First, I don't see any point in generating two random numbers per iteration. Just generate one and square it.

Second, I generally try to avoid using pow() when all I'm doing is squaring or cubing a number. After all, x*x produces the same result as pow(x, 2) without the overhead of a function call.

Third, it's not clear to me what you are doing, but it doesn't seem like a Monte Carlo simulation. In a Monte Carlo simulation of the value of ##\pi## you would be simulating throwing darts at a quarter circle of radius 1 that sits inside a unit square. In the simulation you generate x and y values at random (in the range 0 to 1). If the point lies inside the circle, count it. If it lies outside the circle, don't count it. With a large number of darts, the ratio of points inside the circle to the total number of darts thrown should be close to ##\pi/4##.

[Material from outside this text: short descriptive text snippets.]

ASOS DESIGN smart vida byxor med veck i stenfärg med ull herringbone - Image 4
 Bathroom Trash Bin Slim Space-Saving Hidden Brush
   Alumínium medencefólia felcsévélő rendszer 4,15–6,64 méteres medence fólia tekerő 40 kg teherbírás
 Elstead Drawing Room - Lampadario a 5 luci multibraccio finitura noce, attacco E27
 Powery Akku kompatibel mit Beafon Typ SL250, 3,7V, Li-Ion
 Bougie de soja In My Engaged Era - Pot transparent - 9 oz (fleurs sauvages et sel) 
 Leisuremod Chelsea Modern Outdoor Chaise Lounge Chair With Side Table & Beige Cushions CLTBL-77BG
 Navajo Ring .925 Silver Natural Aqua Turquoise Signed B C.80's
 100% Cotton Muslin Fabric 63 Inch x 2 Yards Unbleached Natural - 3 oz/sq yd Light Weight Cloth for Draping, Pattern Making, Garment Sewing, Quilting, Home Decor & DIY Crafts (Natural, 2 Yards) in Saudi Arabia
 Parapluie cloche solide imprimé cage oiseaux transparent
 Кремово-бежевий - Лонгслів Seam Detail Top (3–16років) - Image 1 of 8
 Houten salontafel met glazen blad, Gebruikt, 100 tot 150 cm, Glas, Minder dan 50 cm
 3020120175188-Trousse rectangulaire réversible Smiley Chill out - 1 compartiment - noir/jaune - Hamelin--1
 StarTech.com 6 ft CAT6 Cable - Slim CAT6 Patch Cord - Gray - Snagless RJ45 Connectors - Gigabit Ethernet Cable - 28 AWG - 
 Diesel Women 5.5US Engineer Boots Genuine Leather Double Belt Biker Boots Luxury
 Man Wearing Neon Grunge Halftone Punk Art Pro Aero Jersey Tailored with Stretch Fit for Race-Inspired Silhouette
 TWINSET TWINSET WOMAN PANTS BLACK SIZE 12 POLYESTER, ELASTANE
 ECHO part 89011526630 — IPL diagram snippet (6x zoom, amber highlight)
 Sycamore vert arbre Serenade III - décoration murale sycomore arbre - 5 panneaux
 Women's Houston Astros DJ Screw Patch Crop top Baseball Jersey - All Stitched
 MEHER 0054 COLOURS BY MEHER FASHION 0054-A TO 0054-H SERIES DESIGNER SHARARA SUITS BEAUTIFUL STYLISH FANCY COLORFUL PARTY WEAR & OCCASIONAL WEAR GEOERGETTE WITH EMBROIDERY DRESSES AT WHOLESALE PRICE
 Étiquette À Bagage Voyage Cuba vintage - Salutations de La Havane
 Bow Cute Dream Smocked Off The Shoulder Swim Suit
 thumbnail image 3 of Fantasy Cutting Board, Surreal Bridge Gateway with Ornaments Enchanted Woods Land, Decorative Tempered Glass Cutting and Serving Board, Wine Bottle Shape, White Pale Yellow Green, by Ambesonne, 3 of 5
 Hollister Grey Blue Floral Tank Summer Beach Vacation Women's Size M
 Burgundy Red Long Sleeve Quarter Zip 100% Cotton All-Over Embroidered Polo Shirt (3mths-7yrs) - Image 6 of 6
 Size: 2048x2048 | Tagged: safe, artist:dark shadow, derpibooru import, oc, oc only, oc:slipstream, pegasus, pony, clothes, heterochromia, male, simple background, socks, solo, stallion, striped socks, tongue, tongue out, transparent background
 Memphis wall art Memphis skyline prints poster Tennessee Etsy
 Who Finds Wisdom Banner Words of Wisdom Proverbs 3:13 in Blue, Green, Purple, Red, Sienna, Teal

Whatever it is that your code is doing, here's how I would modify your code, with an eye to speeding it up.

for(int i = 0; i< 100000; i++)
{
   x = Math.random();
   sum += Math.sqrt(1.0 - x*x); 
}

 

[D H]

Whatever it is that your code is doing ...

What his code is doing is using random sampling to estimate the expected value of the random variable Y, where [itex]Y = \sqrt{1-X^2}[/itex] and X is U(0,1). Since the expected value is an integral (in this case, [itex]E(Y) = \int_0^1 \sqrt{1-x^2}\,dx[/itex]), I would say this qualifies as a monte carlo integration technique -- and it is more efficient than the rejection technique you described.

 

[Mark44]

What his code is doing is using random sampling to estimate the expected value of the random variable Y, where [itex]Y = \sqrt{1-X^2}[/itex] and X is U(0,1). Since the expected value is an integral (in this case, [itex]E(Y) = \int_0^1 \sqrt{1-x^2}\,dx[/itex]), I would say this qualifies as a monte carlo integration technique -- and it is more efficient than the rejection technique you described.

OK, good to know. It bothered me that the result was not too far off from ##\pi##.